Netgear, Entropic Ready To Go With MoCA 2.0

Entropic said its chip is powering the first MoCA 2.0-certified device to reach the market– a MoCA-to-WiFi extender made by Netgear.

Netgear’s device, called the WM2500RP and is outfitted with Entropic’s EN2710 MoCA 2.0 chip and 802.11n Wi-Fi, is designed to improve whole-home video and data coverage by taking advantage of the faster throughputs enabled by the new coax-based home networking platform.

A step above 1.1, the new product, which Netgear is making available to service providers, supports usable throughputs of more than 400 Mbps in “Basic mode and 500 Mbps in a “Turbo” point-to-point setting when connected devices are operating in the baseline mode and utilizing a single channel. MoCA 2.0 also supports an “Enhanced” mode that uses channel bonding to produce throughputs of between 800 Mbps to 1 Gbps.  

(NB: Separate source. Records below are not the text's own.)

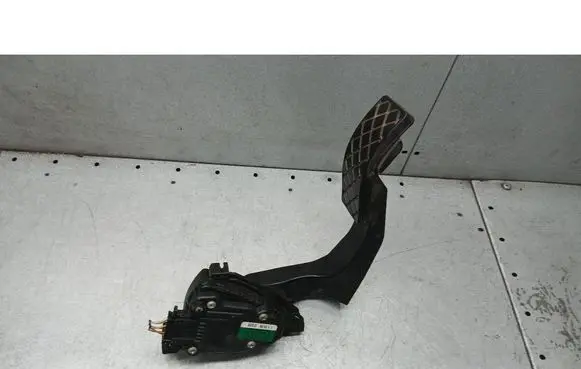 Audi A8 S8 D3 4E Accelerator pedal position sensor 4E1723523E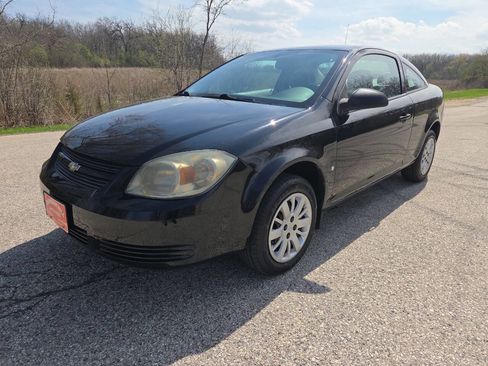 Used 2009 Chevrolet Cobalt LS image 2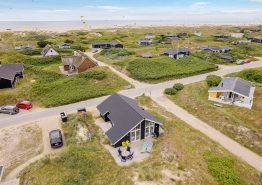 Dejligt sommerhus til 4 personer – blot 200 meter fra Rindby Strand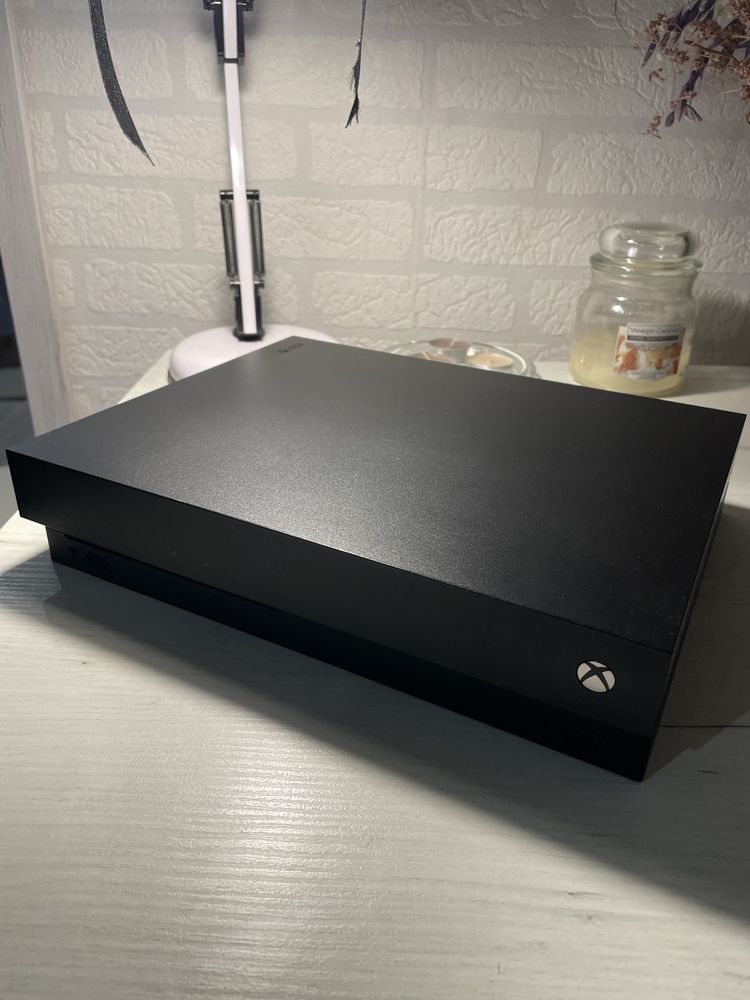 Xbox one X 1 TB + pad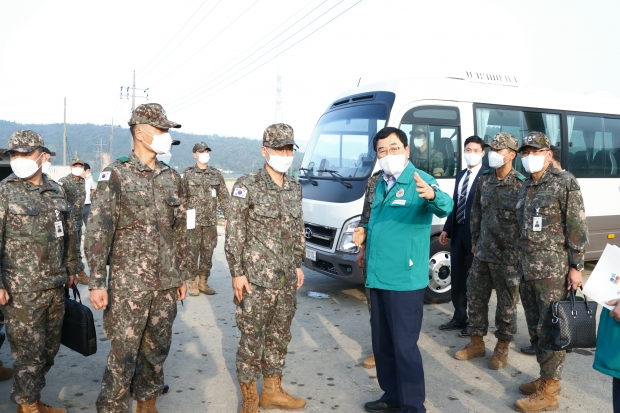 16일 오후 경주시 천북면 신당리 시설재배 농가를 찾은 박정환 육군참모총장이 주낙영 경주시장과 함께 군병장병들을 격려하고 수해 주민들을 위로하고 있다.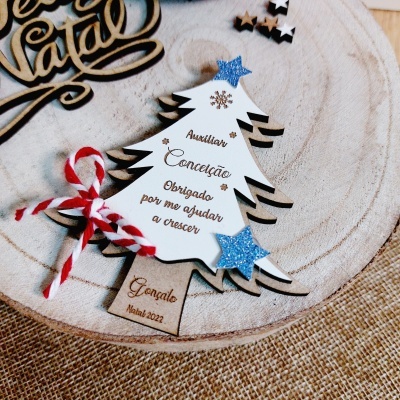 Pendura de árvore de Natal em madeira com texto e estrelas azuis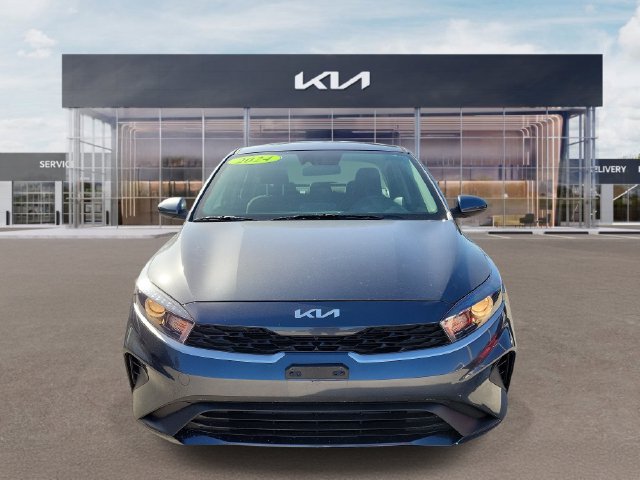 Certified 2024 Kia Forte LXS FWD image 3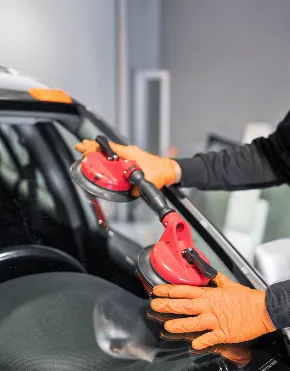 Shattered Windshield Fixing Services Dubai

Entropic said the throughputs enabled by MoCA 2.0 provide enough headroom to distribute bandwidth-hungry apps on the home network, including 4K/Ultra HD content.

Entropic and rival Broadcom have developd MoCA-approved 2.0 “Golden Nodes” for interoperability testing. In January, the Multimedia over Coax Alliance said its certification program for products implementing the 2.0 version of MoCA had become available to all members.